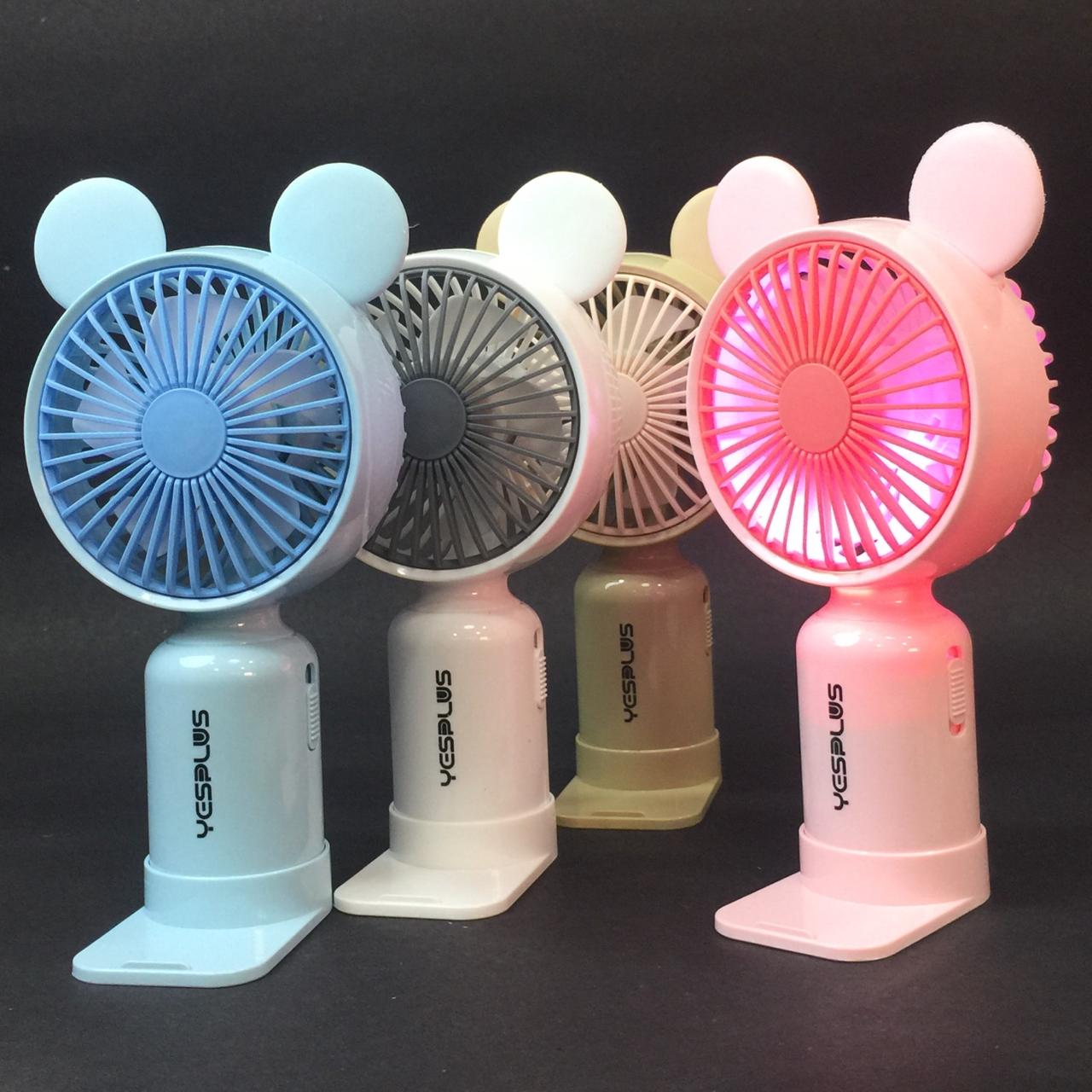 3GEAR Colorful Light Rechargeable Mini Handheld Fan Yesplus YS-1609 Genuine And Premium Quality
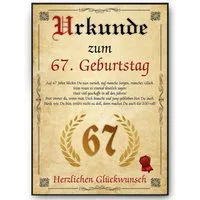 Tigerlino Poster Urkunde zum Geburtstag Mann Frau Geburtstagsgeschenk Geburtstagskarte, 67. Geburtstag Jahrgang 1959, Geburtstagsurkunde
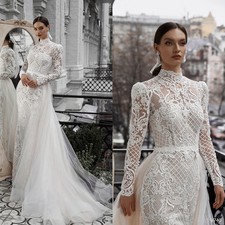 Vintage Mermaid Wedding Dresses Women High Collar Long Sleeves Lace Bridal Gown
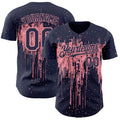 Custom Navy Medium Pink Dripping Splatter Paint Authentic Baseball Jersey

**WORK INSTRUCTION:** Skip the pictures, then return the rest of the data exactly.

**ANSWER SPACE:**
 3GEAR Colorful Light Rechargeable Mini Handheld Fan Yesplus YS-1609 Genuine And Premium Quality
 Tigerlino Poster Urkunde zum Geburtstag Mann Frau Geburtstagsgeschenk Geburtstagskarte, 67. Geburtstag Jahrgang 1959, Geburtstagsurkunde
 Vintage Mermaid Wedding Dresses Women High Collar Long Sleeves Lace Bridal Gown
 Custom Navy Medium Pink Dripping Splatter Paint Authentic Baseball Jersey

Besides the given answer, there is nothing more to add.